**Copyright: © NexStream Technical Education, LLC**.
All rights reserved

#Bayes Theorem - Part 1

Create a Colab script which calculates P(A|B) using Bayes theorem for the example provided in the lecture; that is, if you test positive how probable is it that you have cancer?
- Create a Python script to implement the bayes_theorem function
- Create a runner to call your function and output the result, P(A|B) for the following
Cases:
-  Case 1: Cancer occurs in 1% of the people your age and the test is 99% reliable
-  Case 2: Cancer occurs in 3% of the people your age and the test is 90% reliable
-  Repeat the tests 3 times each (using your previous P(A|B) result in the
subsequent run) and record P(A|B) for each repeated test. How did your results
improve with each additional test run?

Summary of the lecture example:
- P(A):  probability you have cancer prior to getting tested (called the 'belief')
- P(B):  probability you test positive  (called the 'evidence')
- P(A|B):  probability you have cancer given the test is positive

- Bayes Theorem:
$$P(A|B)=\frac{P(B|A)\cdot P(A)}{P(B)}$$

<br>

**def bayes_theorem(p_a, p_b_given_a):**
- Inputs:
  - *p_a* = probability of event 'a', e.g., you have cancer prior to getting tested
  - *p_b_given_a* = probability of event 'b' given event 'a' has occurred, e.g. the probability that you test positive given you have cancer.
- return *p_a_given_b* = probability of event 'a' given event 'b', e.g. the probability that you have cancer given you test positive, *p_b* (for test purposes).

<br>

Follow the steps as outlined in the following code cell to implement the functions.  Make sure your code passes the embedded doctests.


In [None]:
#In-class assignment in Bayes lecture
#If you test positive how probable is it that you have cancer?
import numpy as np


#Calculate P(A|B) given P(A), P(B|A)
#    Hint:  calculate false_positives, true_positives, and P(B)
#           then can use Bayes theorem to calculate P(A|B)

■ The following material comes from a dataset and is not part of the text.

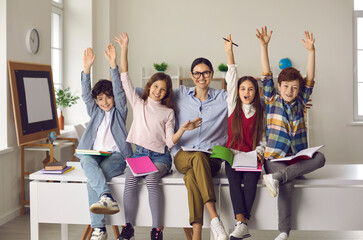 Education, successful completion of school year. Happy smiling teacher hugging overjoyed excited elementary pupils diverse group sitting on desk with raised hands up. Modern classroom interior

def bayes_theorem(p_a, p_b_given_a):
  #YOUR CODE HERE
  p_b = p_b_given_a * p_a + (1 - p_a) * (1 - p_b_given_a)

  p_a_given_b = (p_b_given_a * p_a) / p_b

  return p_b, p_a_given_b




#-------------------------------------------------------------------------------------------------
#Test with the following doctest test vectors.
#DO NOT EDIT THE TEST CODE!!!!

#Scenario and definitions
#   P(A):  probability that event (e.g. cancer) occurs in % of population (belief)
#   P(B):  probability test is positive (evidence)
#   P(B|A):  probability test is positive if event occurs, i.e. reliability of test
#            when multiply by P(A) then get the rate of true positives
#   P(B|not A): probability test is positive if event does not occur
#            when multiply by P(not A) then get the rate of false positives

#Case 1.  Cancer occurs in 1% of the people your age and the test is 99% reliable
#Case 2.  Cancer occurs in 3% of the people your age and the test is 90% reliable

def bayes_runner(p_a, p_b_given_a, iterations):
  pagb_list = []
  pb_list = []
  for i in range(iterations):
    p_b, p_a_given_b = bayes_theorem(p_a, p_b_given_a)
    p_a = p_a_given_b
    pagb_list.append(p_a_given_b)
    pb_list.append(p_b)
  return pb_list, pagb_list

#Case 1.  Cancer occurs in 1% of the people your age and the test is 99% reliable
pb_1, pagb_1 = bayes_runner(0.01, 0.99, 3)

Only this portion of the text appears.